Но монитор погас, и только издевательский маленький рисунок жучка убежал в нижний правый угол экрана.
– Шутит, гад!
– Издевается.
Марин вбивала цитату в смс-сообщение Шурику и лишь подняла на секунду глаза на вопль друга.
Но на самом деле Дада впал в оцепенение. Для человека, живущего онлайн, его компьютер – это не только так называемая «связь с миром». Часто комп уже давно как раз ограждение от мира, где ключи от входа у владельца аккаунта: хочу – пущу тебя в свой мир, не хочу – не пущу.
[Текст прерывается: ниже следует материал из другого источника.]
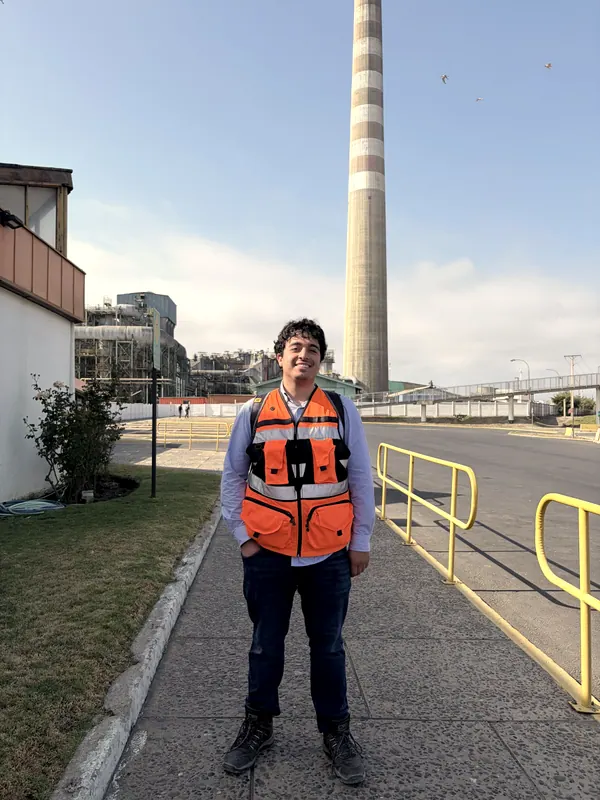 Ingeniero con chaleco reflectante en el patio de una planta, con la chimenea al fondo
Поэтому появление в идеальном, подконтрольном (единственном подконтрольном!) ему пространстве Ловца, без спросу входящего в его виртуальный мир, оказалось худшим видом насилия, чем-то вообще непредставимым, невыносимым и неприемлемым.
Потрясение, которое теперь пытался с честью пережить Дада, можно было бы сравнить с изумлением курильщика, который полез в пачку за новой сигаретой и впервые за годы курения вдруг увидел, как сигареты увиливают и отбиваются от его пальцев: «Нет! Нет! Не трогай! Не кури нас!»
Абсурд какой-то.
Сдачу последнего выпускного экзамена и окончание лицея пошли отмечать на любимую крышу. Они бывали здесь сотни раз, но никогда не заставали никого на железном балкончике с синей дверью, ставнями на зашторенном изнутри окне и с громыхающей лестницей наверх.
Здесь даже был навес, и, если начинался дождь, они спускались сюда и слушали, как он звонко стучит о железо. Получалось как в деревне. Устраивали пикники, благо балкон выходил в закрытый внутренний двор, каких множество в Париже за парадными дверями и воротами на улицы. Высокие каменные стены, соединявшие четыре здания, были сплошь увиты плющом и виноградом, кое-где они забрались уже и на дома: по вечерам сквозь лозы и листья светились окна, что при определённом градусе подпития давало постоянное ощущение зажжённых гирлянд.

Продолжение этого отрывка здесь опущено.